All of this, being previously unremembered by all parties, emerges as perfectly plausible, fitting between the pages of what we knew previously. I'm not sure how this coincides with Steve Orlando's apparent new origin of Martian Manhunter in his recent miniseries, but the details that Snyder adds here help smooth out the strange coincidences in this day and age of J'onn surviving the death of his population and then also being the one inadvertently teleported to Earth.

Moreover, all of this gives Lex Luthor much more motivation in Snyder's wild story than simply a grab for power. It has not been particularly clear why Lex was doing what he was doing, though clearly Snyder's planned the deeper intentions from the start; also we now better understand the discrepancy between Lionel Luthor, historically not a scientist, and the one previously mentioned in this book. (I also appreciated, in Justice League Vol. 2: Graveyard of the Gods, how Snyder suggests that Luthor's strange hero phase toward the end of Geoff Johns' Justice League run can also be explained as in pursuit of these same goals.)

We now understand Lex's quest for the Totality, and the goddess Perpetua within it, is personal, the answer to childhood mysteries and the reversal of childhood failures. To an extent, Lex becomes the hero, the character here with specific goals (even if ultimately to use the Totality for ill), while the Justice League is simply playing catch-up and trying to mitigate the fallout. It makes the villain as interesting as the heroes, if not more so.
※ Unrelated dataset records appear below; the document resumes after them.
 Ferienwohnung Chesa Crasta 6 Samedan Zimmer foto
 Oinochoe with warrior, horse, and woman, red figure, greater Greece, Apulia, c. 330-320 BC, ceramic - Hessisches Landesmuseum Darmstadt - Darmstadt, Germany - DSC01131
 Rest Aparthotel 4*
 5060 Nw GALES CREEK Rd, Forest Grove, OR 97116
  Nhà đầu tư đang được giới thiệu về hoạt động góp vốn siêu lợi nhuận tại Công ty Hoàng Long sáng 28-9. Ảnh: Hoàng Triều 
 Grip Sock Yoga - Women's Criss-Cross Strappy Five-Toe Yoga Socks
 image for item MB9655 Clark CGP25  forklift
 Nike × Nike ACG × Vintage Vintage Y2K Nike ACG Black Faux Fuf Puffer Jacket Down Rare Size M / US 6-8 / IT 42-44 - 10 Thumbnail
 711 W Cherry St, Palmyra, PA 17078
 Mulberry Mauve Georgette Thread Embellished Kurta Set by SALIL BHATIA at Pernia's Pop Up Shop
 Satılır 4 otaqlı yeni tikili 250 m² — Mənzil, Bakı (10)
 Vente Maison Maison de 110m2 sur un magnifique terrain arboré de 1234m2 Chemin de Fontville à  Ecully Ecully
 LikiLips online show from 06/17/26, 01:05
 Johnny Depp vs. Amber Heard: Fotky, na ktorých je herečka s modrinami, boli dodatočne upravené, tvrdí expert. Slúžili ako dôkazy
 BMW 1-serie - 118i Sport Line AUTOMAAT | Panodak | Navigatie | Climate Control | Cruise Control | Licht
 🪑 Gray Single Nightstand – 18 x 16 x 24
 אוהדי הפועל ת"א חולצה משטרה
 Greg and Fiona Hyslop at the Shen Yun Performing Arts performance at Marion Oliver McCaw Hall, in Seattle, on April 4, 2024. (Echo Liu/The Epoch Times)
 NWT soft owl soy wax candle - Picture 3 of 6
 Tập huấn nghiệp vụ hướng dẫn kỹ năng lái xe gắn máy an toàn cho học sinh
On top of that, we find that a once-benevolent Lex previously saved the Martian Manhunter's young life. In the main I prefer Lex Luthor as a Superman villain; pairings of Lex with Batman, while fun on occasion, seem to me largely a misunderstanding or repudiation of Superman as not being equal to Lex's mental prowess, which I think is incorrect. I don't accuse Snyder or Tynion of that, however; rather, if anything, positing Lex had an early encounter with an alien that disrupted his life fits perfectly into explaining his later reflexive hatred of Superman. So I can make an exception this time, and also this further complicates Lex in the story — not only do we find that he has nuanced reasons for doing what he's doing, but also there's a tragic friendship between the villains and heroes (a la Hal Jordan and Sinestro) — even if said hero is not Superman.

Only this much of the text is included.